Stefan fischer: bayern stürmt ins halbfinale – doch madrid blutet

2:1 im Bernabéu, Tür zum Halbfinale weit offen – und trotzdem bleibt der Geschmack von Schweiß, Tränengas und Eisen. Während Harry Kane und Jamal Musiala die Königlichen an die Wand spielten, prügelte die spanische Policía am Stadioneingang ihre eigenen Fans nieder. Ein Video, das mich noch immer wach sein lässt: Bayern-Anhänger, hinter Gittern eingekesselt, kriegen Knüppel gegen die Rippen, ein Mann hält sich die blutende Schläfe, neben ihm brüllt ein Beamter „¡Quietos!“. Grund: offenbar keiner.

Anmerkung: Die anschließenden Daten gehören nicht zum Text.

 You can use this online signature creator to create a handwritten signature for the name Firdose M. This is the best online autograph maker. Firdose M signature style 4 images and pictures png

Jan-christian dreesen poltert gegen „völlig überzogene übergriffe“

Bayern-Vorstandschef Jan-Christian Dreesen schickt noch in der Nacht eine Pressemitteilung raus, die klingt, als hätte jemand die Caps-Taste durchgebissen: „Diese Eskalation gegen friedliche Fans ist nicht mehr nur ein Fehlverhalten – sie ist ein Muster.“ Er spricht von „wunderbarer Champions-League-Nacht“ und „Schande auf europäischer Bühne“ in einem Atemzug. Recht hat er. Seit November lastet ein Gerichtsverfahren auf dem Schreibtisch der Münchener, weil Paris’ Präfektur Auswärtsbusse an einer dreckigen Autobahnraststätte kettete – ohne Toiletten, ohne Wasser, mit Hundestaffel statt Steward. Madrid wirft nun das nächste Kapitel auf den Stapel.

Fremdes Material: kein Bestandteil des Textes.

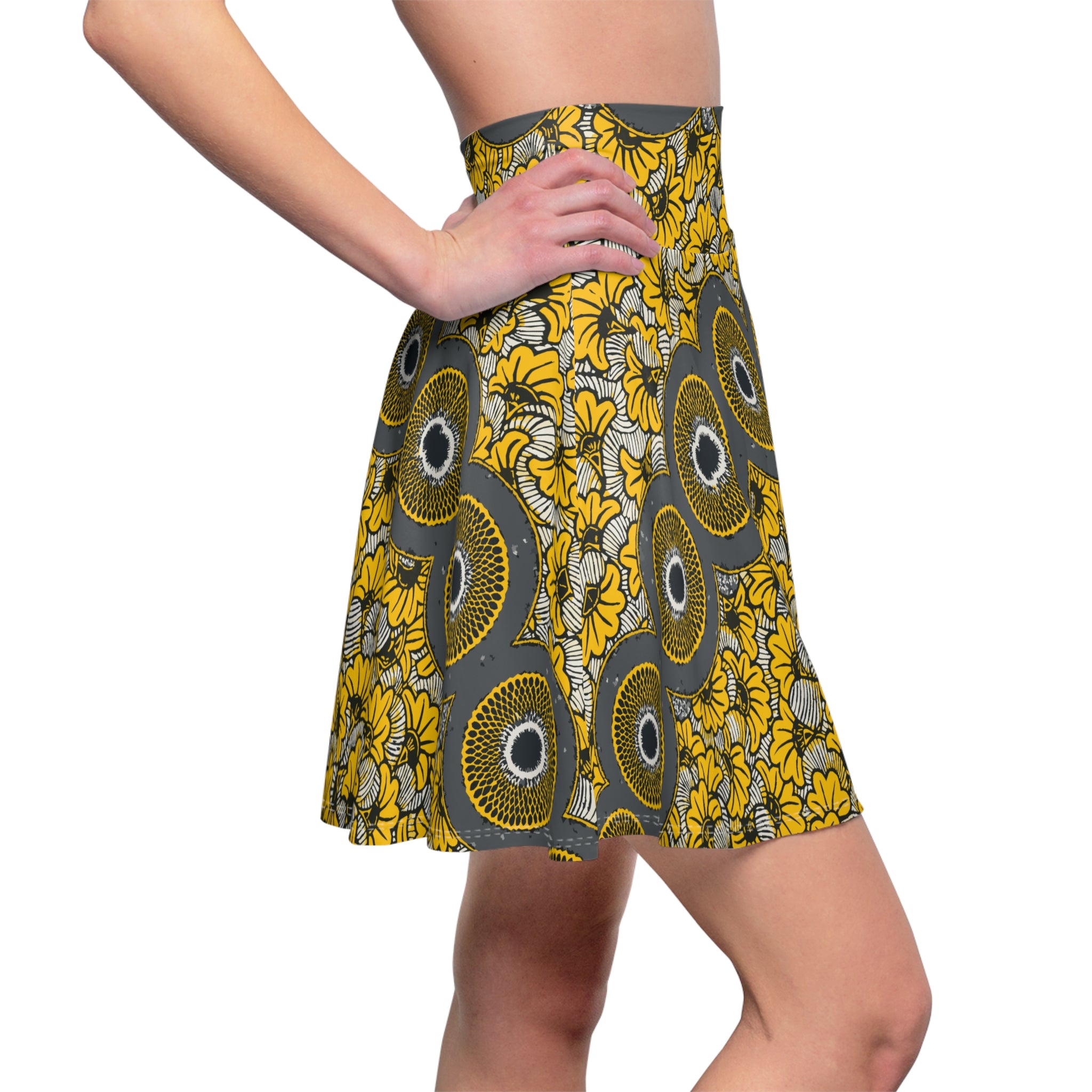 Ankara Women's Skater Skirt, African Print Flare Skirt, Colorful High Waisted Skirt, Ethnic Festival Skirt, Bohemian Fashion Apparel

Was die Videos nicht zeigen: die Minuten davor. Polizeiangaben sprechen von „provozierenden Gesten“ und „Pyrotechnik“. Doch weder auf den Clips von ‚El Desmarque‘ noch auf denen, die unsere Redaktion aus dem Block 410 erhalten hat, ist Rauch oder eine bengalische Fackel zu sehen. Stattdessen: ein Mann in Lederhosen, der einen Thomas-Müller-Schal hochhält und plötzlich mit dem Schädel gegen eine Plexiglaswand gedrückt wird. Die Blutspur läuft in den Kragen. Die Reaktion der Beamten: ein Schild „Orden Público“ wird vor die Kamera gehalten – Bildausschnitt gesperrt.

Uefa schweigt, dfb ermittlicht – doch die gewaltkette reißt nicht ab

Uefa schweigt, dfb ermittlicht – doch die gewaltkette reißt nicht ab

Warum das jeden Fan angeht? Weil sich die Eskalationsskala inzwischen geometrisch nach oben schraubt. Laut der Fan- und Menschenrechtsorganisation ‚Football Supporters Europe‘ wurden 2023 allein in Champions-League-Auswärtsspielen 473 Anzeigen wegen „übermäßiger polizeilicher Gewalt“ erstattet – 37 Prozent mehr als 2019. Die UEFA reagiert mit Schweigen, die nationale Justiz mit Verfahren, die sich über Jahre ziehen. Die Betroffenen stehen mit blutenden Köpfen vor leeren Versprechen.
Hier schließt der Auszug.